On the down low, Randy dishes up some sex talk about life on the dating apps, Craigslist hookups and more. (“Gurl, wait till you hear the story about the fireman and the goggles...”) Randy’s longtime companion, the glamorous Chinchilla Silver Persian cat Tippi, makes an appearance as she dishes about her life Chez Randy. And, in the most highly anticipated sequel since Top Gun: Maverick, Randy continues the conversation with his mother, Gwen, because who knows better than the Jewish mother of a gay man about how to solve America’s problems? Randy Rainbow’s Low Hanging Fruit – a bold manifesto for a nation desperately in need of a makeover.
PUBLISHERS WEEKLY
YouTube comedian Rainbow (Playing with Myself) unloads on politics, dating, and social media, among other topics, in this side-splitting essay collection.
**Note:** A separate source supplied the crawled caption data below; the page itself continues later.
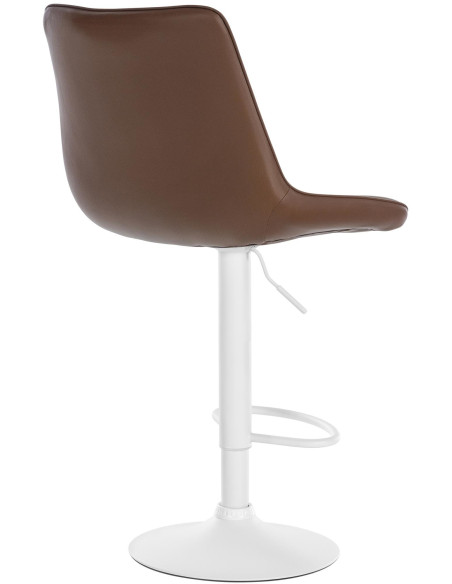 Tabouret de bar moderne en Polyuréthane Marron Métal Blanc Wenlia  - 4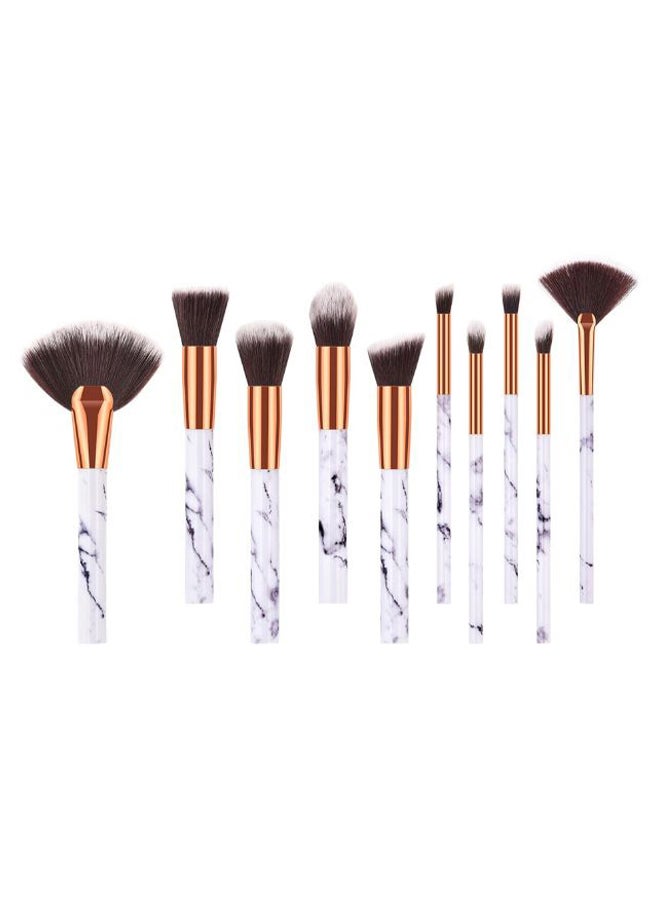 10-Piece Makeup Brush Set White/Gold/Black - Image 1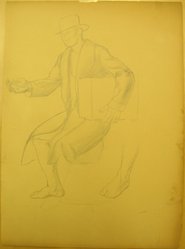 James Brooks (American, 1906-1992). <em>[Untitled] (Robed Male with Box)</em>, n.d. Graphite on paper, Sheet: 19 9/16 x 14 1/4 in. (49.7 x 36.2 cm). Brooklyn Museum, Gift of Charlotte Park Brooks in memory of her husband, James David Brooks, 1996.54.173. © artist or artist's estate (Photo: Brooklyn Museum, CUR.1996.54.173.jpg)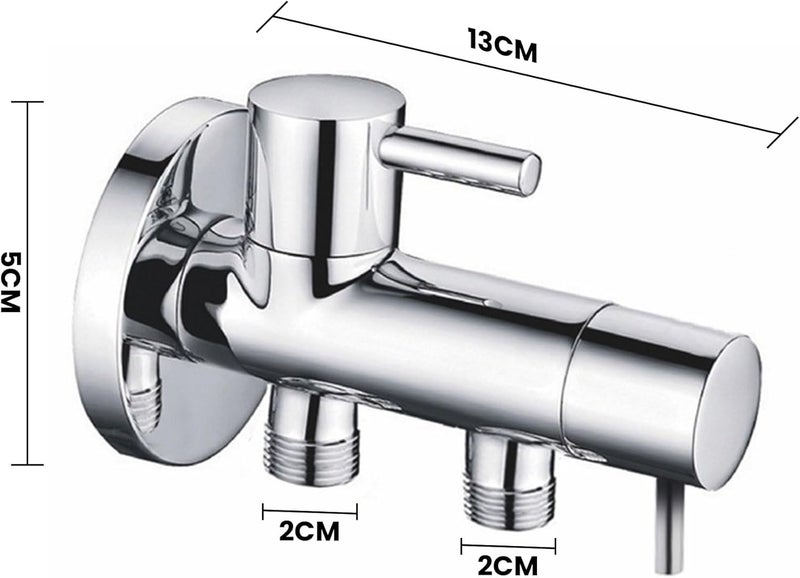 درافل صمام زاوية متعدد الوظائف من النحاس الأصفر من دورافيل مزود بمفتاح مزدوج وصنبور تحويل - Image 5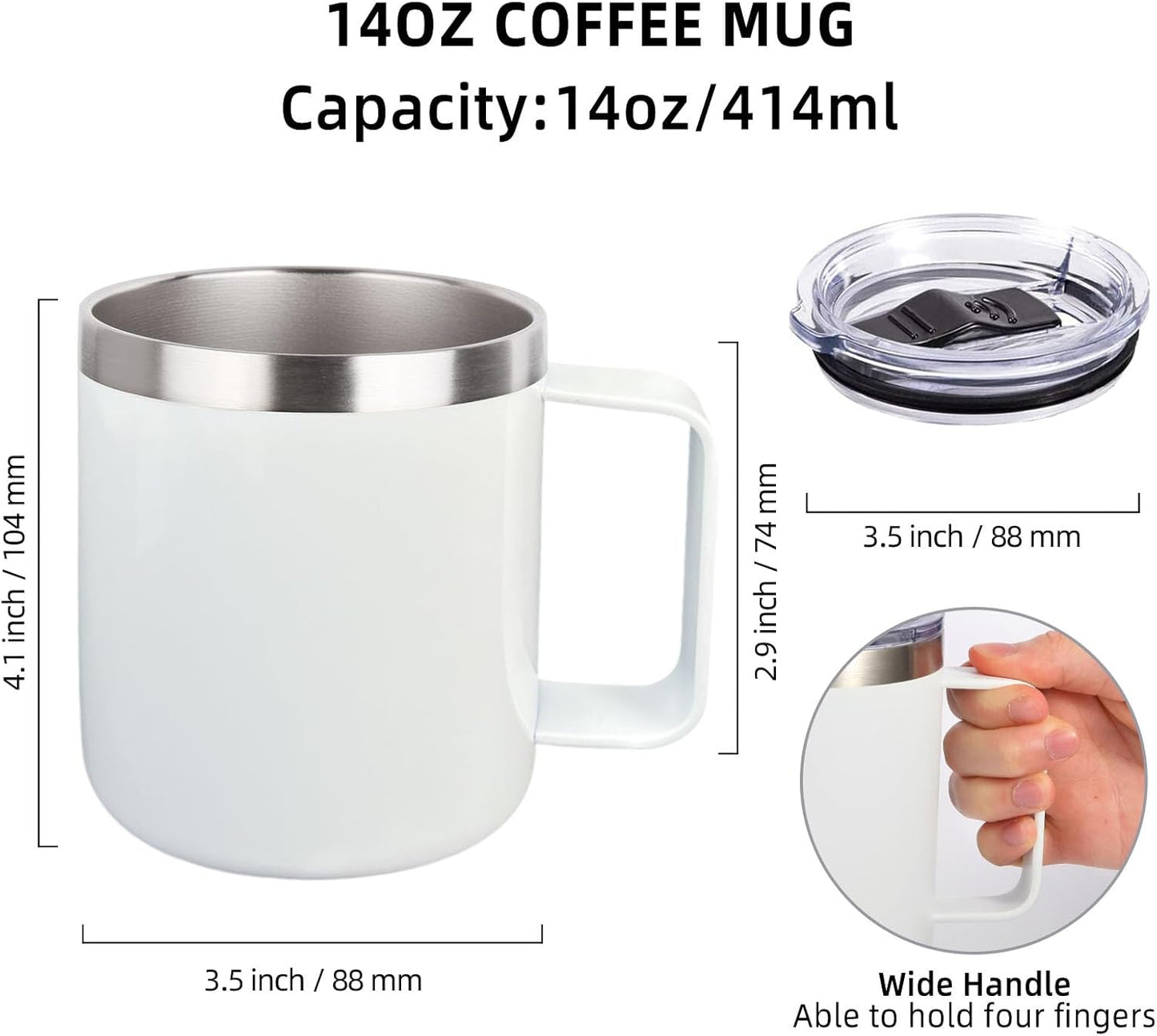 Volhoply 14oz sublimation Insulated Stainless Steel Coffee Mug with Lid Bulk 4 Pack,Double Wall Vacuum Travel Coffee Cup with Handle,Reusable Metal Cups Tumbler,Camping Mugs Keep Hot(Sublimation,4)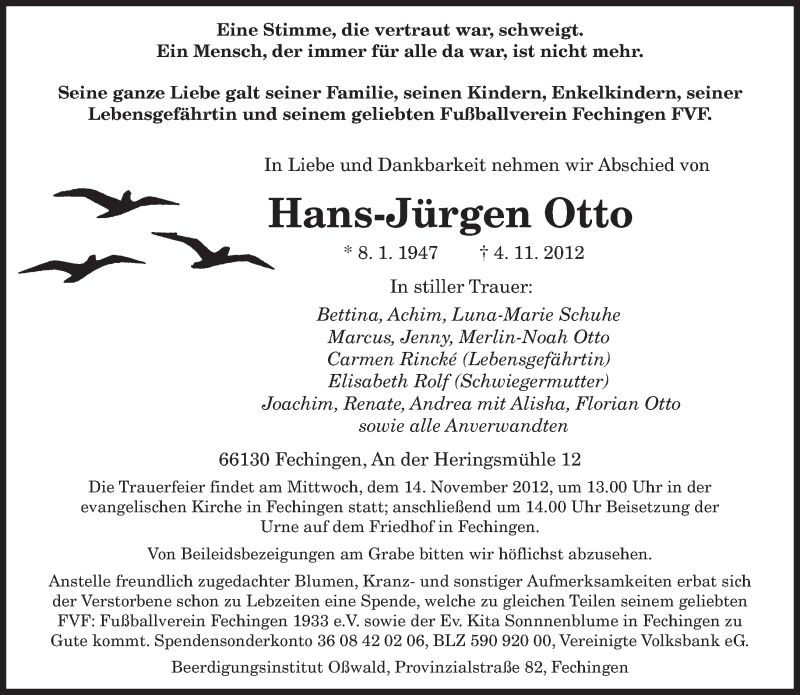  Traueranzeige für Hans-Jürgen Otto vom 10.11.2012 aus saarbruecker_zeitung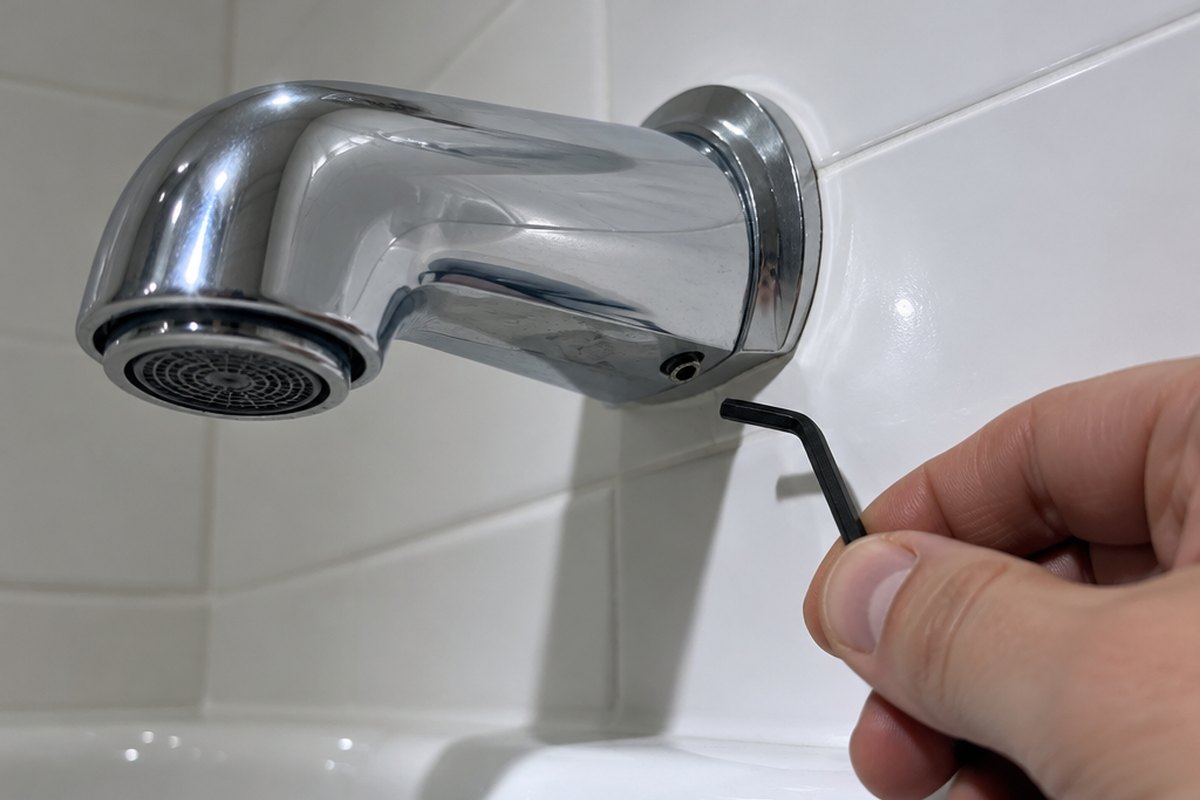 Looking up at the underside of a chrome tub spout near the wall, with a hand holding an L-shaped hex key at the small set screw hole that marks a slip-fit spout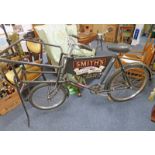 VINTAGE WORKBIKE DELIVERY BIKE WITH ADJUSTING PANEL MARKED 'SMITHS PURVEYORS OF FINE FOAL & WINERS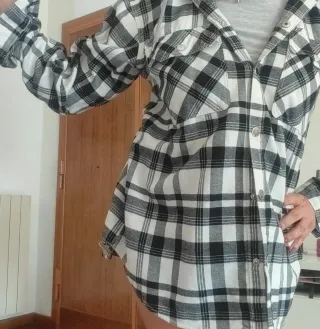 Camicia donna H&M quadri con cappuccio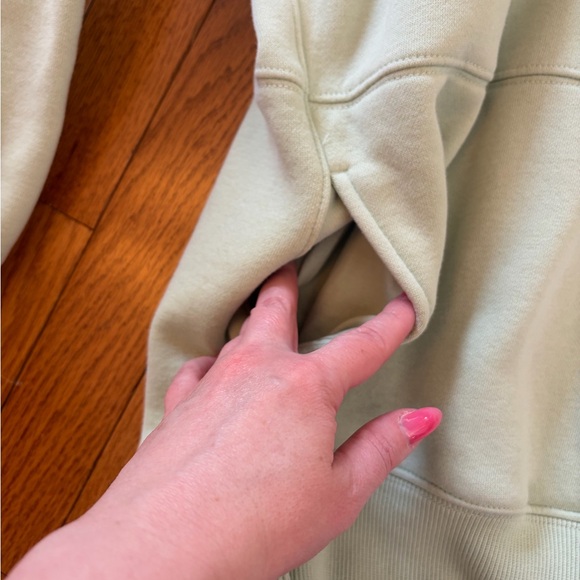 Light Green Offline by Aerie Quarter Zip Sweatshirt - Picture 4 of 10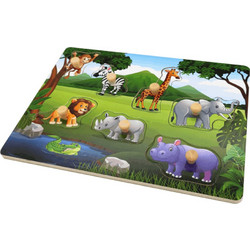 Παιδικό Puzzle Remoundo Σφηνώματα Άγρια Ζώα 7 Κομμάτια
Recounting an exasperating phone exchange with a customer service representative, Rainbow recalls his "inner Karen wanting to escape" like Bruce Banner transforming into the Hulk: "My short brown hair was suddenly sprouting a freshly ironed blond bob, and my normal civilian clothes began tearing at the seams to reveal mom jeans." In a eulogy to his attention span, Rainbow laments how the internet has eroded his enjoyment of offline activities, noting how much he misses "being able to watch an entire movie... without having to Wikipedia the plot less than fifteen minutes in." Elsewhere, he reminisces on memorable hookups, confesses to benign offenses to get ahead of potential attempts to cancel him ("I hoarded a large quantity of pocket-sized Bath & Body Works scented hand sanitizers during COVID"), and serves up a Shakespearean poem bemoaning his flat rear end ("O would that I had an ass, most coveted of gay-boy bumps"). Rainbow's saucy takes on the maladies of modern life position him as a kind of millennial Larry David, and the wry humor lives up to that comparison. This will leave readers with a smile.